> Task objective
Could you please reproduce all the records below exactly, leaving out the images?

BEGIN Dataset extract

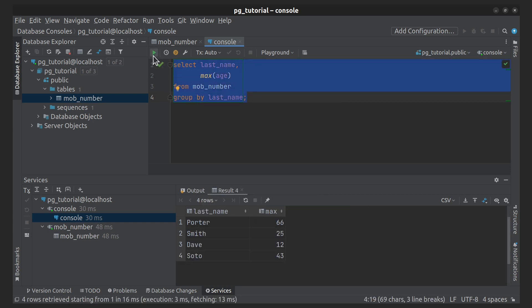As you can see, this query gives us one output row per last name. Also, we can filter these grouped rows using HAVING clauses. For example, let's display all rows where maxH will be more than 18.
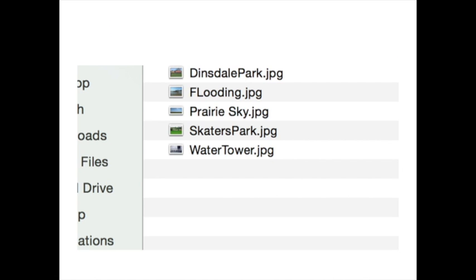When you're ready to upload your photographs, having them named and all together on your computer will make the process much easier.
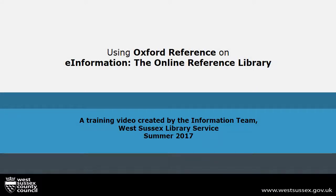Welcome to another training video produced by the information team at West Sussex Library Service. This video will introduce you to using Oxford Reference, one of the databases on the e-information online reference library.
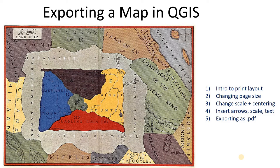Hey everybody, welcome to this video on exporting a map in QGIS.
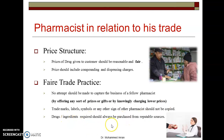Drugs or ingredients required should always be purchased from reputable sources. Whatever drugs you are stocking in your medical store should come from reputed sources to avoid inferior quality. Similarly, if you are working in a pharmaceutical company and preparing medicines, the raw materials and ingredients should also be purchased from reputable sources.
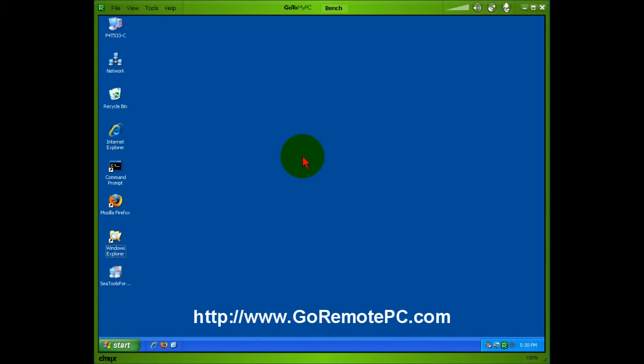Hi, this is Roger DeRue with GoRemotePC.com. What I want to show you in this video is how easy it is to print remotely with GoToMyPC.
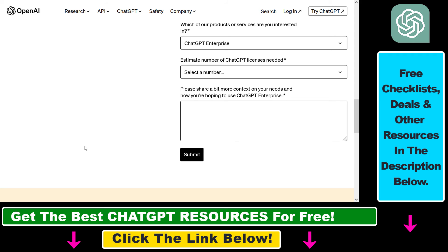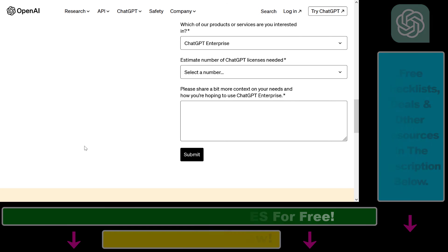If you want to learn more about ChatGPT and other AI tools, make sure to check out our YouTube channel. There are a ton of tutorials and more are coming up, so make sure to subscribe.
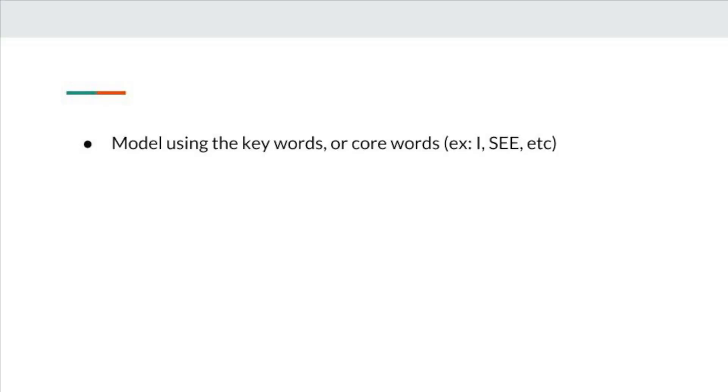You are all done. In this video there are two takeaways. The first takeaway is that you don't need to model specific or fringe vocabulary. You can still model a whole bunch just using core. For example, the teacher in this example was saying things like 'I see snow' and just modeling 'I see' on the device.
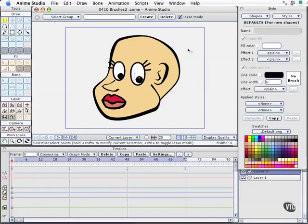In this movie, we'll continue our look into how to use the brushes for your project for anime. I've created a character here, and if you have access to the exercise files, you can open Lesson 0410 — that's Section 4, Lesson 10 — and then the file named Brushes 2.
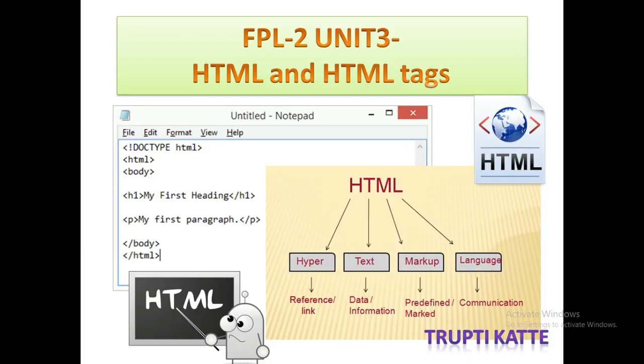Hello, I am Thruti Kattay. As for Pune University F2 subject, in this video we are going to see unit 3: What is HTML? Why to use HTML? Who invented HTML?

END Dataset extract

> Output of the exercise
As you can see, this query gives us one output row per last name. Also, we can filter these grouped rows using HAVING clauses. For example, let's display all rows where maxH will be more than 18.
When you're ready to upload your photographs, having them named and all together on your computer will make the process much easier.
Welcome to another training video produced by the information team at West Sussex Library Service. This video will introduce you to using Oxford Reference, one of the databases on the e-information online reference library.
Hey everybody, welcome to this video on exporting a map in QGIS.
Drugs or ingredients required should always be purchased from reputable sources. Whatever drugs you are stocking in your medical store should come from reputed sources to avoid inferior quality. Similarly, if you are working in a pharmaceutical company and preparing medicines, the raw materials and ingredients should also be purchased from reputable sources.
Hi, this is Roger DeRue with GoRemotePC.com. What I want to show you in this video is how easy it is to print remotely with GoToMyPC.
If you want to learn more about ChatGPT and other AI tools, make sure to check out our YouTube channel. There are a ton of tutorials and more are coming up, so make sure to subscribe.
You are all done. In this video there are two takeaways. The first takeaway is that you don't need to model specific or fringe vocabulary. You can still model a whole bunch just using core. For example, the teacher in this example was saying things like 'I see snow' and just modeling 'I see' on the device.
In this movie, we'll continue our look into how to use the brushes for your project for anime. I've created a character here, and if you have access to the exercise files, you can open Lesson 0410 — that's Section 4, Lesson 10 — and then the file named Brushes 2.
Hello, I am Thruti Kattay. As for Pune University F2 subject, in this video we are going to see unit 3: What is HTML? Why to use HTML? Who invented HTML?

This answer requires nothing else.